Le pape, demandait Staline ; combien de divisons ? Depuis l’histoire a tranché : le mur est tombé sans armes par la seule force pacifique des nations entraînées par l’élan polonais autour du syndicat Solidarnosc. Les années 1990 mettent fin au primat de l’amoralité du politique, incarné dans le réalisme des Etats, ces « monstres froids » soucieux de leurs seuls intérêts. Un nouvel idéalisme international prend son essor, que ne stoppera pas vraiment le terrorisme du 11 septembre. Une vision réformatrice « révolutionniste » se forge qui affirme que le monde n’est pas figé et que l’ordre mondial peut être changé. Sous l’impulsion décisive de la société civile internationale en construction, le politique est désormais appelé à « se penser comme multipolaire dans un monde unipolaire » en s’ordonnant autour du partage des responsabilités collectives à l’égard du monde.

Ariel Colonomos consacre son nouvel essai à cette société civile internationale en réseaux, qui mobilise des acteurs nouveaux autour de valeurs humanitaires identitaires ou de ressources financières en faveur de l’aide au développement ou symboliques comme leur expertise professionnelle. Ils se renforcent là où les Etats « pêchent » par inefficacité ou maladresse. Ceux-ci sont de plus en plus sommés de rendre des comptes. Interpellant la raison gouvernementale, ces réseaux issus du privé jouent un rôle clé dans la diffusion des idées et des valeurs. On assiste à une montée des normes morales et juridiques. Une impulsion décisive est donnée dans l’espace public aux exigences de la justification. Politique des sanctions ou de boycott, exigences de réparation des crimes de guerre et de repentance, ou encore de guerres « zéro mort » sont analysées en profondeur par l’auteur comme autant d’illustrations.

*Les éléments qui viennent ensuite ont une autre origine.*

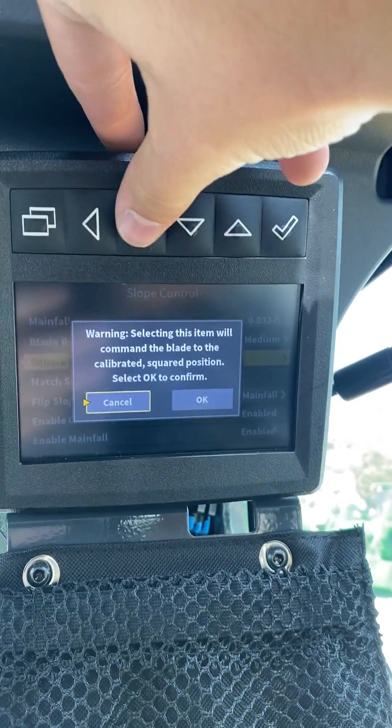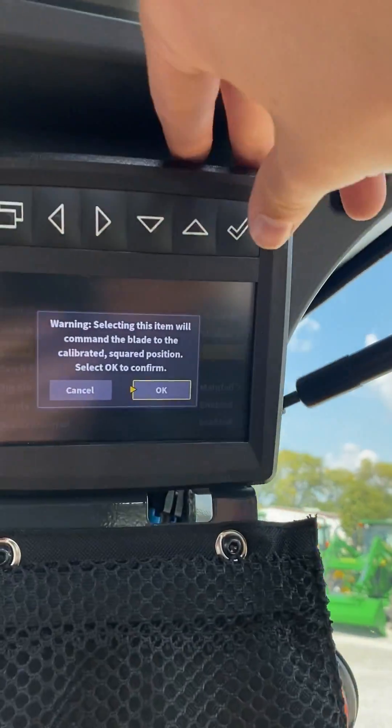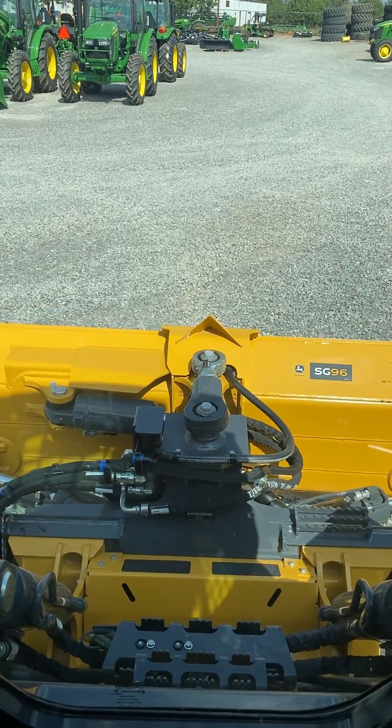This will bring up a message just making sure that you know that the blade will move once you hit this calibration, so if you hit OK, we will watch and see that the blade will return to the squared position.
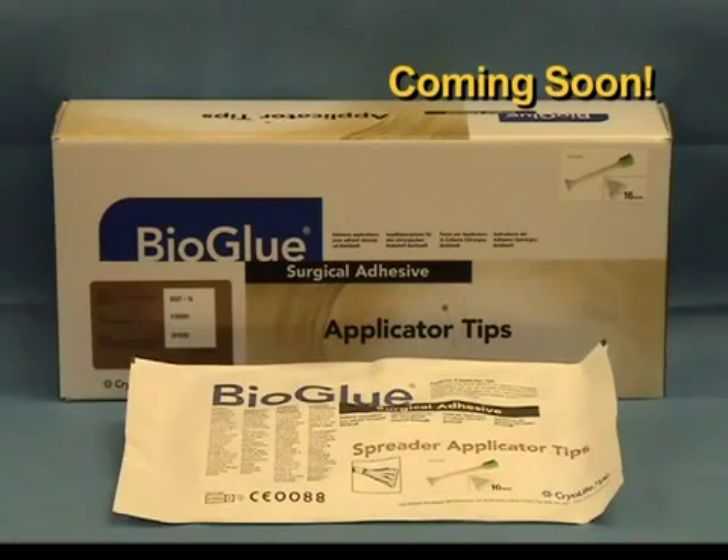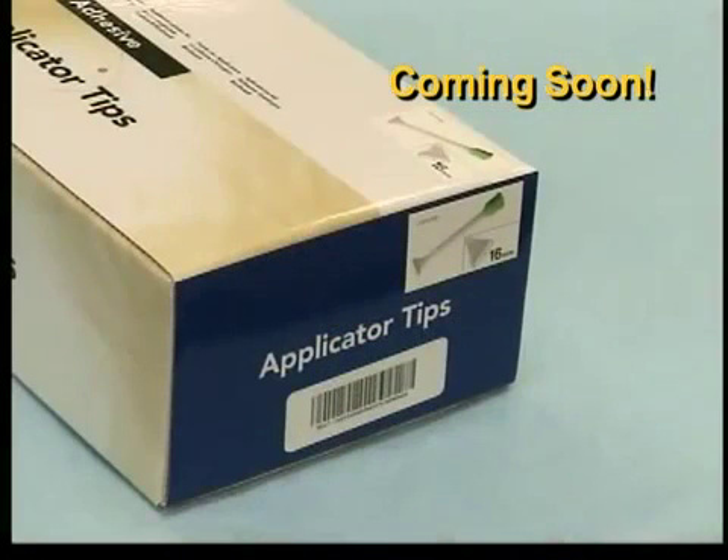Here is the outer shelf box that contains the spreader applicator tips. The spreader applicator tips are available in two different sizes: 12 and 16 mm widths. Note the spreader tip indicator label on the front and side of this box that also indicates the spreader tip width.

Le monde des firmes multinationales n’est pas épargné par ce nouvel ethos. L’interdépendance croissante des économies et des sociétés favorise le progrès de l’idée de responsabilité sociétale et l’entrée de ces firmes sur ce marché de la vertu. Elles évaluent de plus en plus le risque éthique, exposées à la pression croissante des ONG et des cabinets d’audit, qui scrutent les informations contenues dans les rapports annuels et encouragent les chartes éthiques. Codes de conduites et investissement éthiques progressent parallèlement aux ratings quoique de façon inégale. Cela ne va pas toujours sans difficultés comme le montre le cas de Total accusée un temps par les tribunaux américains d’avoir bénéficié du travail forcé en Birmanie. Ainsi le marché, brisant le monopole de l’action publique, s’empare des droits de l’homme par la vertu de l’exemplarité.

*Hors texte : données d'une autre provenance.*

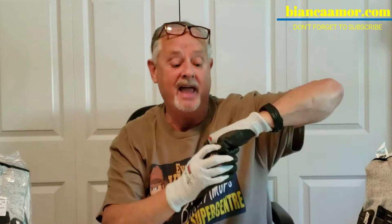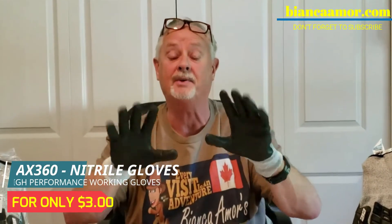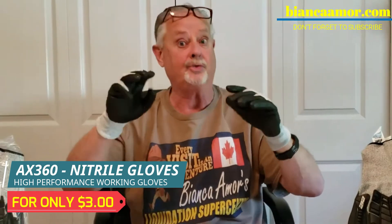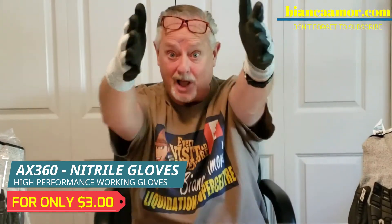I'm telling you, this is the glove — the AX360 high performance top of the line nitro. While supplies last, we've only got a few thousands. So $3. Bianca, blow it up. You rock, baby. Boom!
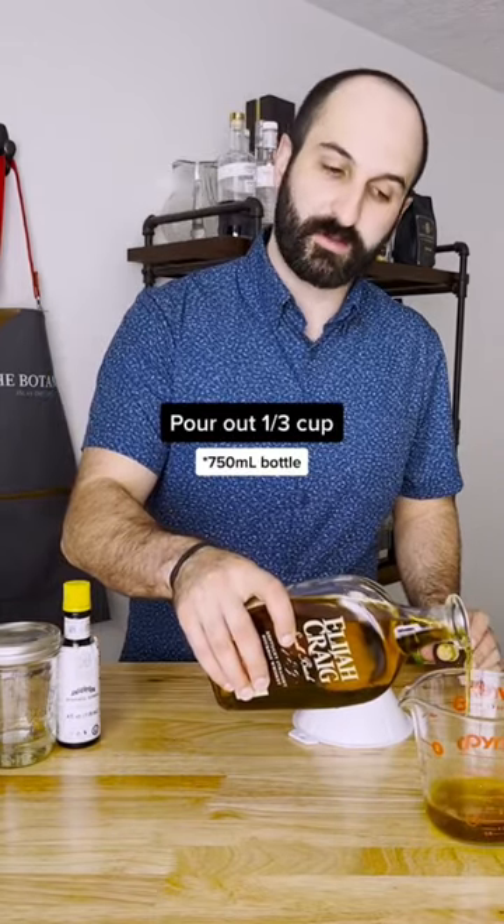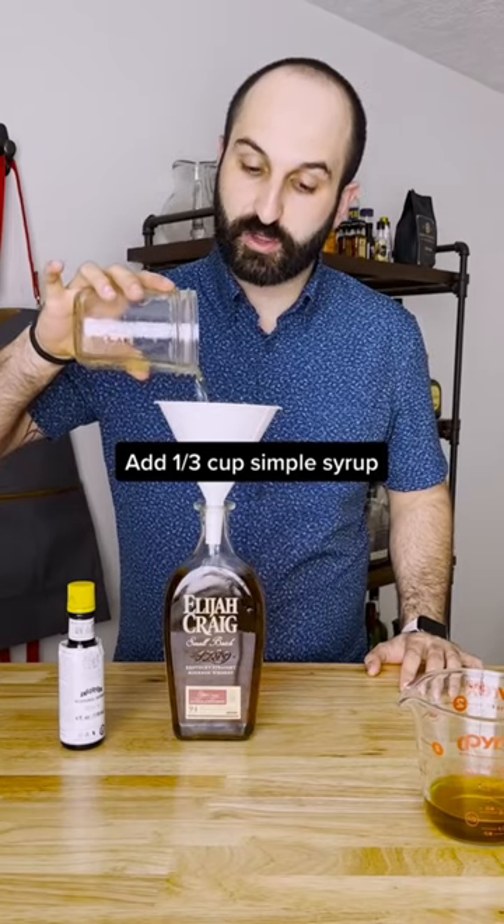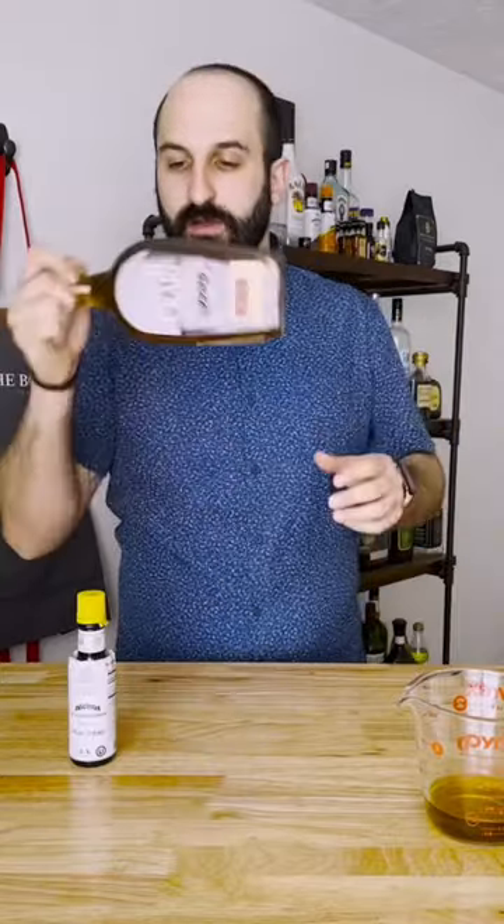Start by pouring out one-third of a cup from your whiskey bottle. Now add in a third of a cup of a two-to-one simple syrup, which just means it's two parts sugar and one part water, and about 18 dashes of bitters. Now mix it up, and it's ready to drink or go in your freezer.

Un syndicaliste regrettera cependant que l’auteur, valorisant les autres acteurs sociaux, ignore l’apport sur ce terrain de la démarche syndicale. S’inscrivant depuis sa naissance dans un double registre économique et moral, la défense des intérêts et des aspirations des salariés, elle se nourrit de l’exigence du respect des droits de l’homme au travail et donne tout son sens à l’émancipation, c’est-à-dire la construction d’acteurs « parties prenantes » de cette nouvelle approche économique. Cependant, pour avoir défriché avec brio dans son ouvrage cette intrusion de la morale dans la mondialisation en cours, on pardonnera à Ariel Colomonos cette injustice morale à notre égard, en espérant qu’il ne nous oublie pas dans ses futures analyses.